Thursday, 8 November 2012

Movie Review: A Nightmare On Elm Street (1984)


A small horror film that spawned a long running franchise, A Nightmare On Elm Street introduces a memorable villain and juices up the spooky thrills with a blast of gory special effects. The movie offers little that is genuinely new, but the packaging and context are fresh enough to make an impression.

Nancy, Glen, Tina and Rod are four teen aged friends living on a quiet suburban street. They gradually realize that they are suffering from the same nightmare, where a murderous man with burned skin and steel finger extensions, later revealed to be Freddy Kruger (Robert Englund), attempts to murder them. Nancy (Heather Lagenkamp) gets the uneasy sense that if Freddy succeeds in killing them in the nightmare, they also die in real life. After Tina (Amanda Wyss) and Rod (Nick Corri) have sex, Tina falls asleep and becomes Freddy's first victim, slashed to death in a bloodbath. The innocent Rod is held as the main suspect in Tina's murder.

Nancy and Glen (Johnny Depp), her tentative boyfriend and neighbour, realize that they have to stay awake in order to stay alive, and they start taking stimulants to avoid sleeping. In his prison cell Rod does fall asleep and is hanged by Freddy. Nancy's father Don (John Saxon) is the local police lieutenant and does not believe her theory about nightmares causing death, but her alcoholic mother Marge (Ronee Blakley) eventually reveals a dark secret from the past involving Freddy. Nancy and Glen then try to set up a final showdown to end the nightmares.

Following on from Halloween (1978) and Friday The 13th (1980), A Nightmare On Elm Street was the third cheap-to-make slasher movie that resulted in numerous sequels.

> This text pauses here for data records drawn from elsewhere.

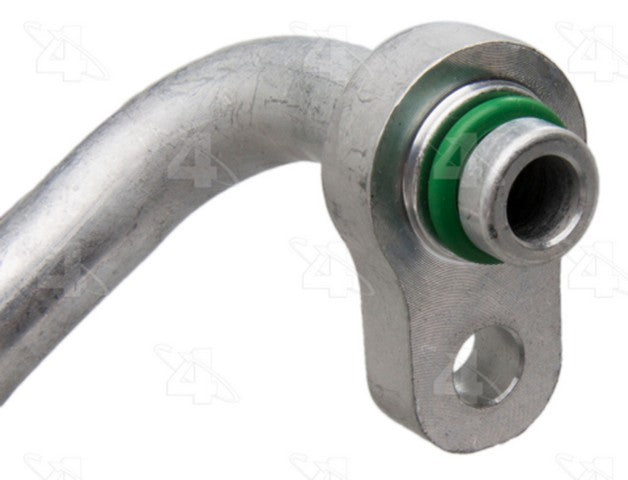 A/C Refrigerant Discharge Hose Four Seasons 56220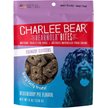 Show in main carousel: Charlee Bear Bearnola Bites Blueberry Pie Flavor Dog Treats, 8-oz bag slide 1 of 9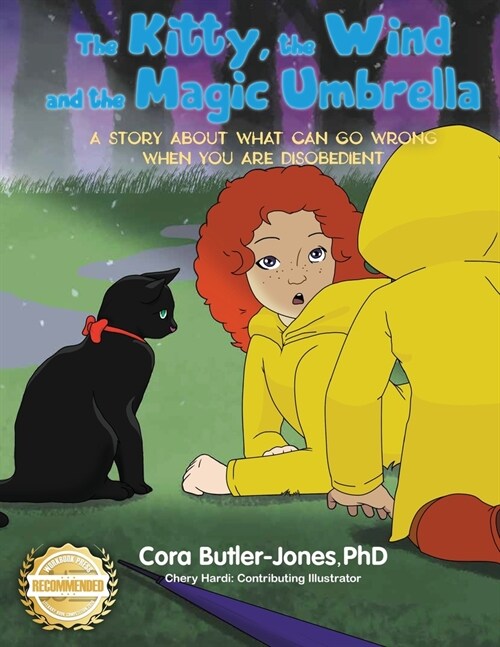 The Kitty, the Wind and the Magic Umbrella (Paperback)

Costing $1.8 million and earning back more than $26 million, A Nightmare On Elm Street helped establish New Line Cinema as a production studio and provided director Wes Craven with his first significant mainstream hit.

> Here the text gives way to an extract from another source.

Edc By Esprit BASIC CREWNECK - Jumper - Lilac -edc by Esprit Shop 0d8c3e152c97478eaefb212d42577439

It likely does not need to said that the acting is stiff and just one level above an amateur high school production, the dialogue (also by Craven) is juvenile and contrived, and the characters are stereotypically boring and many exist primarily for the purpose of being dispatched by Freddy.

All this is a given, yet A Nightmare On Elm Street endears itself by playfully having fun with the theme of nightmares disrupting real life, the past intruding onto the present, the sins of the parents haunting their children, and teens learning that fears can be confronted. The admittedly thin and ultimately inexplicable psychological context nevertheless adds a welcome shine to what would otherwise be a rehashing of any Halloween or Friday The 13th flick.

Despite plenty of stock "gotcha" jumping-from-the-shadows horror staples, Craven also loads A Nightmare On Elm Street with a heavy dose of style and entertaining special effects, including a killing on the ceiling, a hanging rope coming to life, a bottomless bathtub, and a gooey staircase. The bells and whistles enhance the nightmarish qualities of the film and add to the is-it-real-or-is-it-a-dream tension.

Johnny Depp made his inauspicious debut in A Nightmare On Elm Street, and in a bland performance he mostly tries not to fall asleep, fails every time, and ultimately pays the ultimate price, triggering a gushing  eruption of blood that is more about surreal wonderment than horror. John Saxon does his reputation no favours by displaying the emotions and intelligence of a plank. Heather Lagenkamp as the teenager suffering the most at the hands of Freddy is merely adequate, and despite the film's success her career quickly sank into the abyss of intermittent guest appearances on nondescript television shows.

Robert Englund gave Freddy enough of a personality to create a lasting imprint on the horror genre, Freddy a combination of a twisted nightmare character and contorted cartoonish fun. Englund made a career out of reprising the role in the many sequels, as Freddy became the mainstay and focal point of the series.

Ironically, Craven wanted a tidier ending that closed the door on sequels. But in a triumph of crass commercialism over schlock art, New Line insisted on a twist ending that launched Freddy into immortal sequel heaven. A Nightmare On Elm Street is one small and rather clever slasher film, the series is one giant leap backwards into endless repetition.